Conclusion: Relying solely upon language from the Supreme Court's decision in Massachusetts v. EPA, the Central Valley court had no problem concluding that EPA had such authority. In reaching this conclusion, the court was persuaded that EPA had a mandate to protect the environment and public health from climate impacts, unlike DOT (which has a fuel economy mandate), and that such an EPA mandate, when implemented, might necessarily lead to improvements in fuel economy. Indeed, and in a real shocker, the court found that EPA may issue tailpipe emission standards that even conflict with DOT's CAFÉ standards (Order, p. 28). The court also suggested that improvements in fuel economy which might result from EPA regulation were necessary to mitigate the alleged harm that mobile source emissions were causing to the climate.
(2) Second, if the answer to (1) is "yes", does the EPCA preclude EPA from doing so?
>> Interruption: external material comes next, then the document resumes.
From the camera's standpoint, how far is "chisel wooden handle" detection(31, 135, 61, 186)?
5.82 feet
Conclusion: The Central Valley court concluded that nothing in the EPCA precluded EPA from issuing tailpipe emission standards which might have the effect of impacting fuel economy standards (plus, the preemption doctrine does not apply between federal statutes). Indeed, the court found that the EPCA compels DOT to harmonize its CAFÉ regulations with "other motor vehicle standards of the Government" (Order, p. 24).
(3) Third, is there any basis for treating a state regulation that has been granted a waiver under section 209 of the federal Clean Air Act ("CAA") any differently than an EPA issued regulation?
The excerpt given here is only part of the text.